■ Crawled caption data
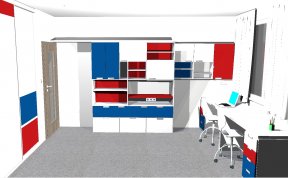 studovna - vestavná skříň a knihovna, která má přípravu pro TV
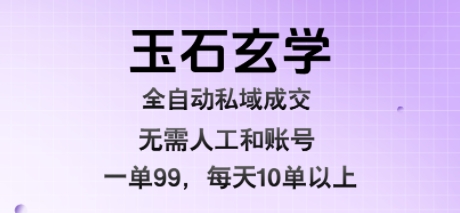 玉石玄学全自动私域成交，一单99每天十单以上，无需人工和矩阵账号，蓝海项目直接干【揭秘】-七量思维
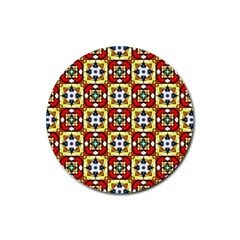 Church Pattern Church Texture Rubber Coaster (round)  by Simbadda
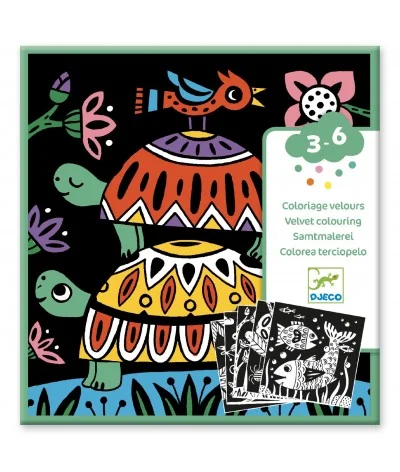 Djeco velour kleurplaat-dieren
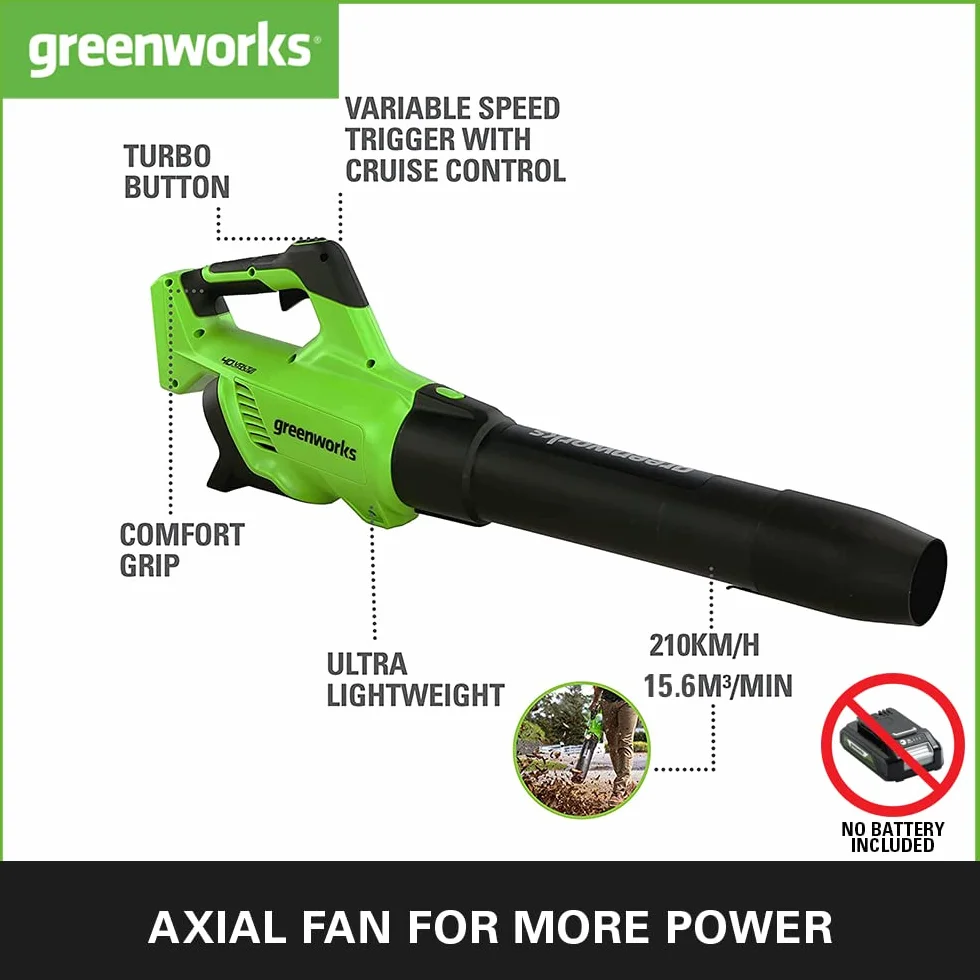 Greenworks GD40AB - Soffiatore a Batteria con Modalità Cruise, Motore Brushless, 210km/h, 15,6m³/min, Funzione Turbo, SENZA Batteria 40V e Caricabatterie, Garanzia 3 Anni
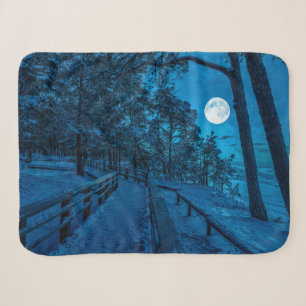 Winter landscape with snow covered pine forest sherpa blanket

■ What to work on
Would you write out exactly the lines above, starting at the line containing "玉石玄学全自动私域成交，一单" and stopping after the line containing "Djeco velour kleurplaat-dieren"? Omit the pictures.

■ Result
 玉石玄学全自动私域成交，一单99每天十单以上，无需人工和矩阵账号，蓝海项目直接干【揭秘】-七量思维
 Church Pattern Church Texture Rubber Coaster (round)  by Simbadda
 Djeco velour kleurplaat-dieren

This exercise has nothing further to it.